One of the most appealing aspects of cloud computing is the promise—in theory at least—that if you’re not happy with a vendor, you can migrate to another with much less pain than with traditional enterprise solution providers. Today, CIOs have an almost bewildering choice of cloud applications and cloud platforms.
This multi-cloud reality opens up greater potential for leveraging on-premises enterprise software with cloud resources.
Gone are the days of waiting for a behemoth ERP vendor to build out a new module or capability – you can’t wait to innovate. The cloud enables choice and agility, giving CIOs and their business partners the ability to take advantage of innovative applications and technologies that provide competitive advantage with very little friction to get started and accelerate time to value.
According to RightScale’s 2017 State of the Cloud survey, the average enterprise is using or experimenting with applications in 3.6 public clouds and 4.4 private clouds. The survey indicates that 79% of workloads run in the cloud, almost evenly split between public and private cloud environments. But, as RightScale points out, those private cloud applications may include workloads running in existing virtualized environments or bare-metal environments that have been “cloudified.”
It’s also likely that cloud has been deployed somewhat opportunistically—maybe even haphazardly—to deal with particular needs. Or even as undercover “Shadow IT” projects outside the purview of central IT. Many would argue that Shadow IT simply reflects business needs to move faster than IT is willing or capable of doing.
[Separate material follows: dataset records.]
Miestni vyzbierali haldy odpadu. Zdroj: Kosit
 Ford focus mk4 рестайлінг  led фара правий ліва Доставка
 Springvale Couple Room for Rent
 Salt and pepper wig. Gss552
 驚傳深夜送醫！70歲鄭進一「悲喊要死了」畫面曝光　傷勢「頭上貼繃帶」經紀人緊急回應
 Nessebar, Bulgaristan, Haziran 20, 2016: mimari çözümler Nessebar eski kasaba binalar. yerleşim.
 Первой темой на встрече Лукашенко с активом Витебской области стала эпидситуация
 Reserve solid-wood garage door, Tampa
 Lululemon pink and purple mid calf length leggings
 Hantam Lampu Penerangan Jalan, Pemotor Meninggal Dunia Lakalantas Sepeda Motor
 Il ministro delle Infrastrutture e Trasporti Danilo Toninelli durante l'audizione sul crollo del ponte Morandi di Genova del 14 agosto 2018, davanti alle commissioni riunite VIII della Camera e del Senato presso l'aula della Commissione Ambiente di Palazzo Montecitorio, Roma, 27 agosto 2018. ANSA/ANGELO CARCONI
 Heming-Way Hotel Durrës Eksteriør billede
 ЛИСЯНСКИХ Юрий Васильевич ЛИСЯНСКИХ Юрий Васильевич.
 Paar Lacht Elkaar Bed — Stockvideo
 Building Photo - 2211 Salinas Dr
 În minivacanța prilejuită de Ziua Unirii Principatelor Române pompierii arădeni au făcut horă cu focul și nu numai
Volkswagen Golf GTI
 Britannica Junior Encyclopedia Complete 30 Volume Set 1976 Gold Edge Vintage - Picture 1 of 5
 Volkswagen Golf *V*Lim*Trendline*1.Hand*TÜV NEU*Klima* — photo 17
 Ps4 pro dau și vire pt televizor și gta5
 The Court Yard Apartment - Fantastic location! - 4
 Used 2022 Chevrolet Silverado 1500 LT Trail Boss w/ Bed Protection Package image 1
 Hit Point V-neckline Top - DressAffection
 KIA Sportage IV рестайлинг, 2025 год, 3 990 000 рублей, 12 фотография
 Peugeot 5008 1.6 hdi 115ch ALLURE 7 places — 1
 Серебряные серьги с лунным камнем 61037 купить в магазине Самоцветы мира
But while there are options galore in terms for finding the right applications to meet virtually any need, the major cloud platform providers would just as soon like to lock you into long-term commitments.
Amazon Web Services (AWS), the largest public cloud vendor, is aiming to lock in its partners who deal directly with end-customers. At AWS re:Invent last November, AWS CEO Andy Jassy reportedly urged partners to stop hedging and go all-in with AWS. “The reality is, we are going to direct business to our partners who are committed and who really understand the platform because our customers want partners who understand the details of our platform,” Jassy said, according to a ZDNet report.
Oracle is even more brazen, according to Jason Bloomberg, president of industry analyst firm Intellyx, who offers a stinging indictment in Forbes that the company is apparently engineering underlying hardware to optimize for its software; is “tricking customers into using features they haven’t licensed,” and then using license audits to buy cloud options; and raising rates for using its software on AWS or Microsoft Azure. Hardly surprising that they’d rather their customers run Oracle applications on Oracle cloud, where there is greater likelihood of maximizing profits over the long term.
Staving off dependency
There’s a natural inclination in IT to fear dependence on any one vendor. And there’s long-standing resistance to the idea that one vendor can serve all needs. “CIOs’ notion of a single cloud platform that is low-cost, provides perfect scalability and security for every application and does so with virtually no vendor lock-in is considered a holy grail for a reason: You just can’t find it,” writes CIO.com Senior Writer Clint Boulton.
Determining what clouds to use and when to use them is essential for maximizing return on investment in current and future infrastructure and software.
Dominant vendors will never stop trying to come up with strategies to lock in customers. So CIOs must continue to come up with new ways of thinking to maintain independence.